EXERCISE REQUIREMENTS: In the data that follows, find the line containing "Otome Game Sekai"; then quote that line and every line after it, exactly, through the last one.

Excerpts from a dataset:
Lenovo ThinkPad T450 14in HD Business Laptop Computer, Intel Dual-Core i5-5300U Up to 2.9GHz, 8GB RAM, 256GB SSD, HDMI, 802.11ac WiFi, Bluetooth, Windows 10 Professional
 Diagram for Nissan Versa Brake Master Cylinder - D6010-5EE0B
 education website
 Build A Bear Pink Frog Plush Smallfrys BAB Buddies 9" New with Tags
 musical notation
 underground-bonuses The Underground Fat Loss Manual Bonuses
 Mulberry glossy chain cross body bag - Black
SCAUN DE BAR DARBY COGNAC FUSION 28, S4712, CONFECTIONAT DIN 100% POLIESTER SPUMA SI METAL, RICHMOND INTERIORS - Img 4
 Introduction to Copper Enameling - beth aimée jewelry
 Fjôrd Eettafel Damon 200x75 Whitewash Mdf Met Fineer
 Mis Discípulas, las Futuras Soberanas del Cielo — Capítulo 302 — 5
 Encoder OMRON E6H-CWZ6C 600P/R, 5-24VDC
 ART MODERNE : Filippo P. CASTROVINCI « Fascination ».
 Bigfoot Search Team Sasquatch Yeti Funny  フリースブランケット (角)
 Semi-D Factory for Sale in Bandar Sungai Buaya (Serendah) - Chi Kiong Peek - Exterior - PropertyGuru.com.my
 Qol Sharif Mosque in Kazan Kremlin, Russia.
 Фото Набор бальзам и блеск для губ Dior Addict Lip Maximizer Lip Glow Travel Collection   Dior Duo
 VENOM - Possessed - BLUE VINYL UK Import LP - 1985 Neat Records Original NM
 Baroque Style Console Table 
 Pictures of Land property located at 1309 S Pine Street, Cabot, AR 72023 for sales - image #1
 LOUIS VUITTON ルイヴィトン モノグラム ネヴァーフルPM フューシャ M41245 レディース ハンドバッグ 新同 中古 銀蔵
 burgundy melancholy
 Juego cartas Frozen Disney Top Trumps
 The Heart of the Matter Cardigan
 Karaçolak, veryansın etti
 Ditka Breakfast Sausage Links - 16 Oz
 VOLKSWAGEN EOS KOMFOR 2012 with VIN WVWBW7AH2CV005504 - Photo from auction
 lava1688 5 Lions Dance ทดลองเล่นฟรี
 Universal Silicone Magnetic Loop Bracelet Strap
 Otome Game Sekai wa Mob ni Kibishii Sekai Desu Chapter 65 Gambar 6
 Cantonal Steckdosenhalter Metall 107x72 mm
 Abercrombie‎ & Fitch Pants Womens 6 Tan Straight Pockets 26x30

ANSWER BOX:
 Otome Game Sekai wa Mob ni Kibishii Sekai Desu Chapter 65 Gambar 6
 Cantonal Steckdosenhalter Metall 107x72 mm
 Abercrombie‎ & Fitch Pants Womens 6 Tan Straight Pockets 26x30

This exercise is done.